In operation ST26, the circuit board deformation prediction apparatus 1 calculates, as the warp correction value, a differential value between the measurement result of the warp value, which is stored in the warp measurement result database 12, and the numerical analysis result of the warp value, which is stored in the numerical analysis result database 13. Further, the circuit board deformation prediction apparatus 1 registers the calculated warp correction value in the warp correction value database 14.

In response to a request for predicting a warp value of a newly designed circuit board, the circuit board deformation prediction apparatus 1 predicts the warp value of that circuit board. FIG. 6 illustrates a prediction process in that case.

In operation ST30, the circuit board deformation prediction apparatus 1 reads the design information of the circuit board from the design information database 10 in response to the prediction request.

In operation ST31, the circuit board deformation prediction apparatus 1 reads, from the material characteristic information database 11, the characteristic information of the material which is described in the read-out design information.

In operation ST32, the circuit board deformation prediction apparatus 1 performs a numerical analysis of the warp value of the circuit board. The warp value is calculated by utilizing the numerical analysis method, which is described in, e.g., the above-referred to Non-Patent Document, based on the read-out design information and material characteristic information. Further, the circuit board deformation prediction apparatus 1 performs the numerical analysis of the warp value at each of various temperature conditions,

In operation ST33, the circuit board deformation prediction apparatus 1 extracts a circuit board having a structure close to that of the target circuit board.
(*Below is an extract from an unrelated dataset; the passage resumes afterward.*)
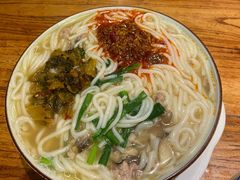 -滇香肴·云南菜蒸汽石锅鱼(云南北路店)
The circuit board deformation prediction apparatus 1 reads the warp correction value of the extracted circuit board from the warp correction value database 14.

In operation ST34, the circuit board deformation prediction apparatus 1 adds the numerical analysis result of the warp value, which has been obtained in operation ST32, and the warp correction value which has been read out in operation ST33. Thus, the circuit board deformation prediction apparatus 1 corrects the warp value, which has been obtained as the numerical analysis result in operation ST32, to a value resulting from the addition.

In operation ST3S5, the circuit board deformation prediction apparatus 1 outputs the corrected warp value as the numerical analysis result.

As described above, the circuit board deformation prediction apparatus 1 performs the numerical analysis of the warp value of the circuit board. Further, the circuit board deformation prediction apparatus 1 corrects the warp value based on the differential information between the warp value of the circuit board, which has been obtained by the numerical analysis in the past, and the warp value of the circuit board, which has been actually measured in the past.

Generally, the structure of a circuit board for which a warp value is to be predicted is similar to the structure of a circuit board from which the former circuit board has been improved. Also, the structure of the circuit board affects the warp value of the circuit board to a large extent.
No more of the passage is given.